Verteidigungsministerin von der Leyen zelebriert mit US-Amtskollege Mattis in Washington ein Stück deutsch-amerikanische Freundschaft. Doch der anstehende Nato-Gipfel steht im Zeichen großer Differenzen.

Von Joachim Käppner, Washington

Wäre die Welt noch so, wie sie vor gar nicht langer Zeit war, dann gäbe es manchen Anlass, sich darüber zu wundern, dass gerade dieser Mann der Hoffnungsträger der freien Welt sein soll. Der ist gerade aus der Tür des Pentagon die Treppen hinuntergegangen und tauscht nun unter einer brennenden Sommersonne mit Ursula von der Leyen (CDU) Küsschen auf die Wangen aus, eine für ihn erkennbar nicht alltägliche Form der Begrüßung.

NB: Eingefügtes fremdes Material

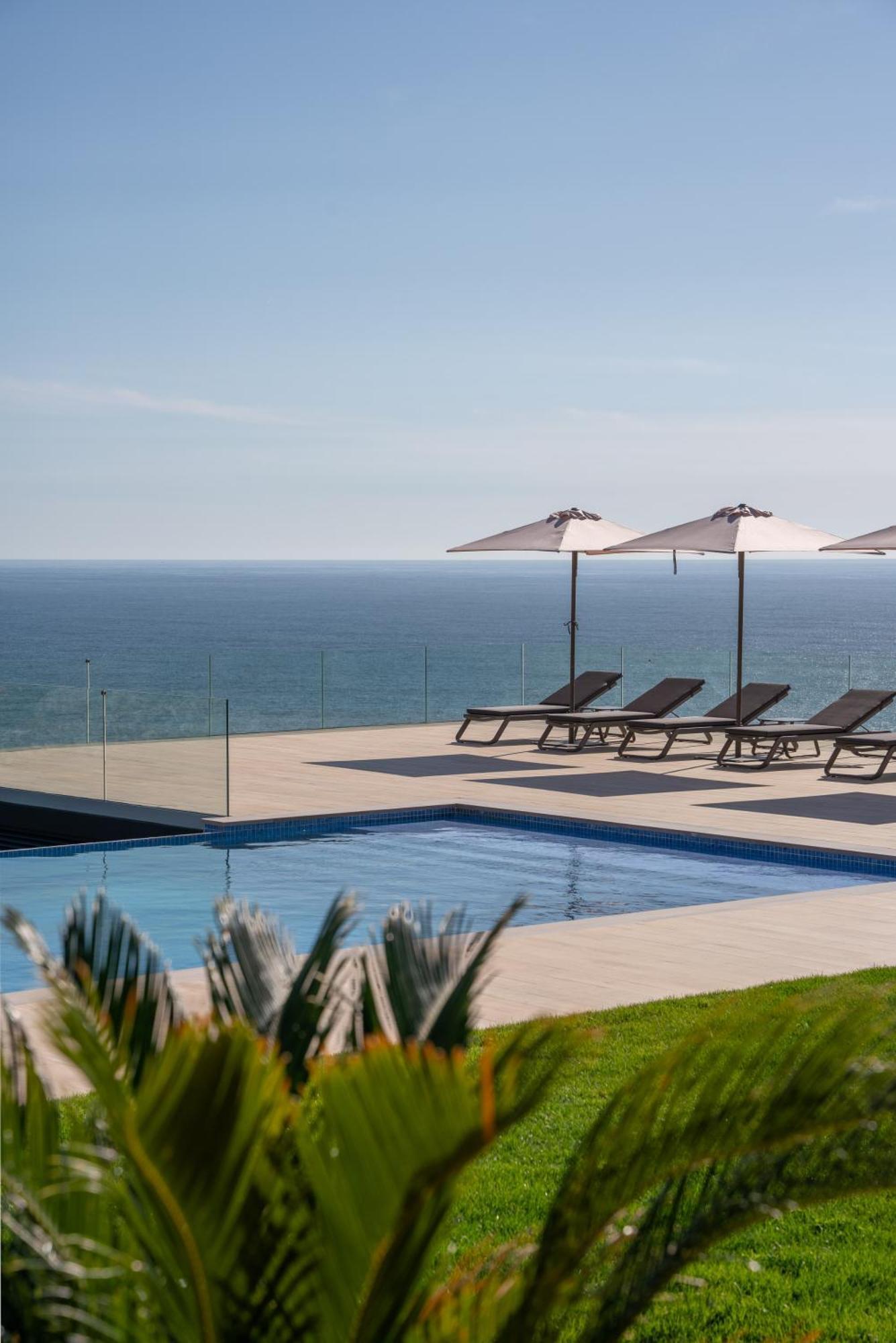 Hotel Boutique Faro Silleiro Baiona Eksteriør billede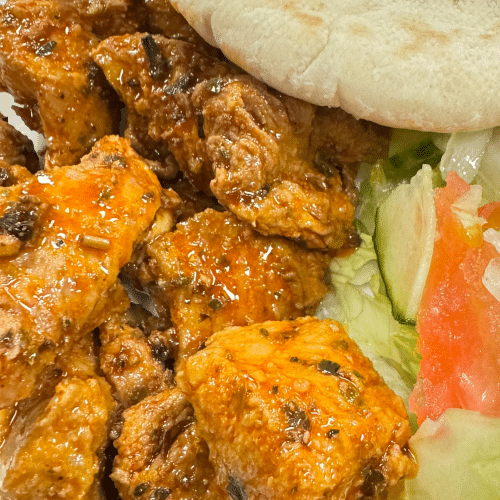 Mini kebab
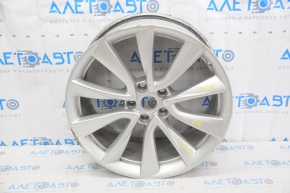 Wheel disk R19 19x8.5J ET40 Tesla Model 3 18- Stiletto gray, curb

US-Verteidigungsminister James Norman Mattis ist aufgeräumter Stimmung und zupft einen Begleitoffizier der deutschen Kollegin lässig an der Ausgehuniform: "You look good, young man!"

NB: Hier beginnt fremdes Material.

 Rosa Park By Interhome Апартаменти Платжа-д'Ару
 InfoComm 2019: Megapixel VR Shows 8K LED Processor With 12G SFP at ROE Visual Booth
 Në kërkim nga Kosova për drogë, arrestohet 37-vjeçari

Der 67-Jährige ist ehemaliger General der Marines und Veteran der Kriege in Afghanistan und im Irak 1991 und ab 2003; sein Spitzname lautet "Mad Dog", wegen seines Muts, aber auch wegen brachialer Sprüche über den Krieg und das Töten. Mattis hat Kiefer wie ein Nussknacker, sein Profil ähnelt Büsten römischer Feldherren. Äußerlich wirkt er wie die Inkarnation eines Hardliners und Falken, und doch ist er es, auf dem die Hoffnungen vieler Nato-Partner ruhen und ganz gewiss die Ursula von der Leyens, die ihn verbal umarmt: "Es ist gut, Freunde an unserer Seite zu haben wie Sie, Jim."

Friends like you, Jim. Sie sind selten geworden im Washington der Trump-Höflinge und ihrer Administration, die vielen deutschen Gesprächspartnern wie ein Abgrund an Ahnungslosigkeit und Desinteresse an den Nato-Bündnispartnern erscheint. Die Deutschen, die Skandinavier, die Holländer gehören zu den Lieblingszielen des US-Präsidenten Donald Trump, wenn er auf Leute zeigen will, die angeblich auf Kosten und unter dem Schutzschirm der USA reich geworden sind, selber aber zu geizig seien, auch nur ihre eigenen Versprechungen einzuhalten, zum Beispiel das "Zwei-Prozent-Ziel". Genau das dürfte Trump den Verbündeten auf dem Nato-Gipfel am 10. und 11. Juli wieder vorhalten, unsicher ist nur das Ausmaß der Brutalität, mit dem er das tun dürfte.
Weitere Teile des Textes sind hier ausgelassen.